§ Data to examine:
********

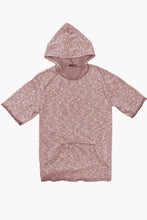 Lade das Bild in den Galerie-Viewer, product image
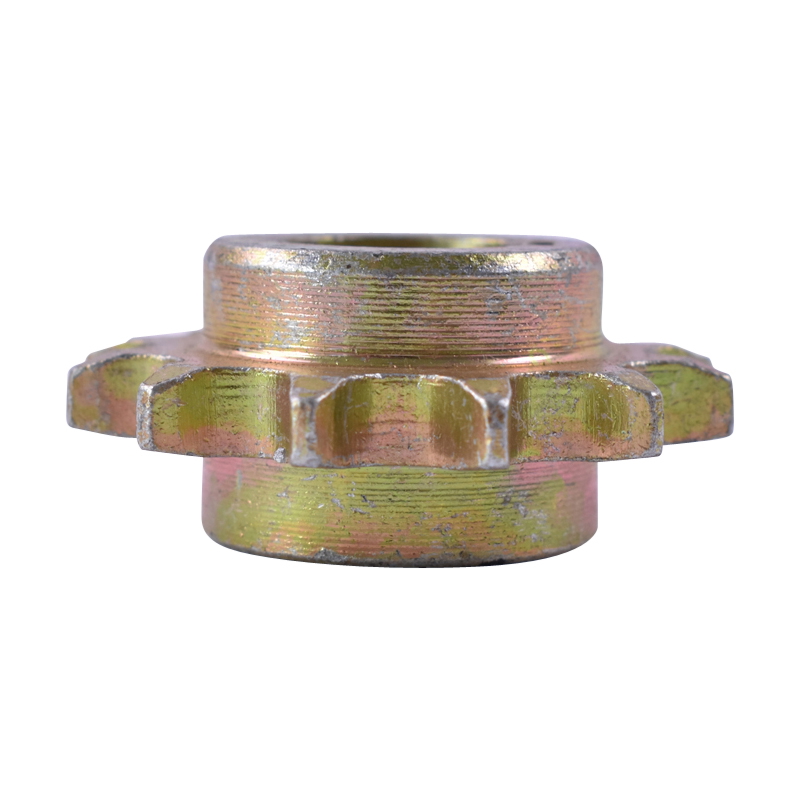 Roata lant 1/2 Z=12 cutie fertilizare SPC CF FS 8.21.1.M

********

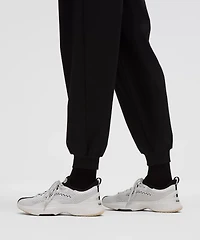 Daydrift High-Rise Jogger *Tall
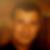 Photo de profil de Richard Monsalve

********

§ Assigned task:
For this exercise, please set down exactly the lines of the listing above from the line with "Lade das Bild" up to and including the line with "Roata lant 1/2", and no pictures.

§ Task response:
 Lade das Bild in den Galerie-Viewer, product image
 Roata lant 1/2 Z=12 cutie fertilizare SPC CF FS 8.21.1.M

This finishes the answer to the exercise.